Manage app permissions on your Android phone or tablet

Your phone, your rules: Android gives you a pretty comprehensive toolkit when it comes to managing app permissions on your device, allowing you to control access to parts of the system like the camera, microphone, and your current location .

Apps will request these permissions one by one as they need them. So you’ll typically see a flood of requests while an app is setting itself up, and more sporadic requests later (when an app needs access to your photos and videos). , For example).

You can change these permissions at any time, and it’s worth running regular audits to make sure apps aren’t overreaching. Do your apps really need all the permissions they ask for? In many cases probably not.

You can see the permissions an app asks for before installing it:

  • Open the app on the Play Shop on your phone or tablet.
  • Scroll down to Data security and tap the arrow next to it.
  • Scroll down to Collected data. This lists the personal data the app collects (such as your email address) and the permissions it asks for (such as access to your contacts).
  • Tap any data type. As it says Optional next to it the app can be run without this permission. If not, the permission is needed for the app to actually function: for example, your location in the case of a maps app. You should also see an explanation of why the app wants this permission.

It is not always easy to weigh which rights you should grant. For example, the Uber app asks for access to your contacts. This isn’t key to the app’s core functionality, but it does allow you to share the rates with other people. Many apps also request permission to show notifications, which means you have to choose between adding more distractions to your device and risking missing something important.

If you need more information about why an app needs certain permissions, you may be able to find it on the app support website. Ideally, apps should also make it clear why certain permissions are required, although unfortunately this doesn’t always happen. If an app doesn’t properly explain why it needs a certain permission, that’s another reason to deny the request.

You can manage permissions for your installed apps at any time from the main Settings screen in Android.

  • Crane Appsand then choose an app. (If you don’t see the full list, click See everything.)
  • Select Rights to see all the permissions the app needs. You will see separate lists of the apps that are currently allowed and the apps that are not.
  • Tap a permission to enable or disable it.

The screens you see vary depending on the permission. For example, for notifications, some apps give you more granular control, so you can have certain types of alerts appear but not others.

Many permissions can be set that are allowed, but only when the app is open. This prevents apps from accessing parts of the system, such as the camera or microphone, when they are not running. For many of these permissions you will also see a Ask every time option, which means you’ll be asked every time the app needs that permission.

A small number of permissions are listed Allow it all the time as one of the options.
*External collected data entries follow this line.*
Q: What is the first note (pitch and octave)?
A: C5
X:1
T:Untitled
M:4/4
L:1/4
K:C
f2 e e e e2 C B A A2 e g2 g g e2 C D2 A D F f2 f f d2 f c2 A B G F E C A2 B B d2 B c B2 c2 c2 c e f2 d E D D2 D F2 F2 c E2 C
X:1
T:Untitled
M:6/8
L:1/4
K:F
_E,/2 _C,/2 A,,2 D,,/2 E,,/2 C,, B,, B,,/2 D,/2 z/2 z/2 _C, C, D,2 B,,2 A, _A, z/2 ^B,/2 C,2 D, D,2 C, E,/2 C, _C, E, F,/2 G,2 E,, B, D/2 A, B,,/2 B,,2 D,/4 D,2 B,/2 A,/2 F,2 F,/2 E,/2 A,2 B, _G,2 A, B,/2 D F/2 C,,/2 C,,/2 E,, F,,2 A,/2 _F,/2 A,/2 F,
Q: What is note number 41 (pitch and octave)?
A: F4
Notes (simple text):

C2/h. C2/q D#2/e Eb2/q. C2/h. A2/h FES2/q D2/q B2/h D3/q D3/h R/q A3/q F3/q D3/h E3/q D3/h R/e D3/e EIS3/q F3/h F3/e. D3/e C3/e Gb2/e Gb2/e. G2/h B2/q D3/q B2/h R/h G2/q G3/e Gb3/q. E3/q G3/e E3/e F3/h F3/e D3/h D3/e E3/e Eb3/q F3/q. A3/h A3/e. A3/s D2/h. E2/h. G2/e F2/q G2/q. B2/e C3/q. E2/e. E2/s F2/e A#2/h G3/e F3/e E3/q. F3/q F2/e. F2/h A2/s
Use this sparingly. Location access for Google Maps is an example, which turns on the timeline feature that shows you where you’ve been every day (even if you never specifically opened Google Maps).

You can also view a list of app permissions by choosing Security and privacy via Settings, then Privacy > Consent manager. Here you will get the list of permissions along with the number of apps that have that permission. This is useful if you want to keep an eye on a specific authorization.

  • Tap a permission to see which apps have and have not been granted access to it.
  • Select an app to change the permission setting.
  • You get exactly the same options as before, including Ask every time And Allow it all the time.

Whatever method you use to access your app permissions, you can also see when each app last used that permission. If so, it will be written in smaller text below the permissions. This is another useful indicator when it comes to deciding which permissions to grant and which not to, as it can highlight instances where permissions are being used when they are not necessary.

If you have apps that you haven’t used in a while – and who among us doesn’t? — Android will occasionally notify you that those apps’ permissions have been removed (in addition, temporary files may have been deleted and notifications have stopped). If you do open that app, you’ll be asked again to enable those permissions.

  • When you go to Security and privacy in Settings, you may be invited via an additional button to view the apps for which permissions have been revoked.
  • Crane Rate appsand you’ll get a list of all apps last opened more than six months ago.
  • From here you can easily delete them by tapping the trash can icon.
  • You can also tap the app itself to go to the app’s info page.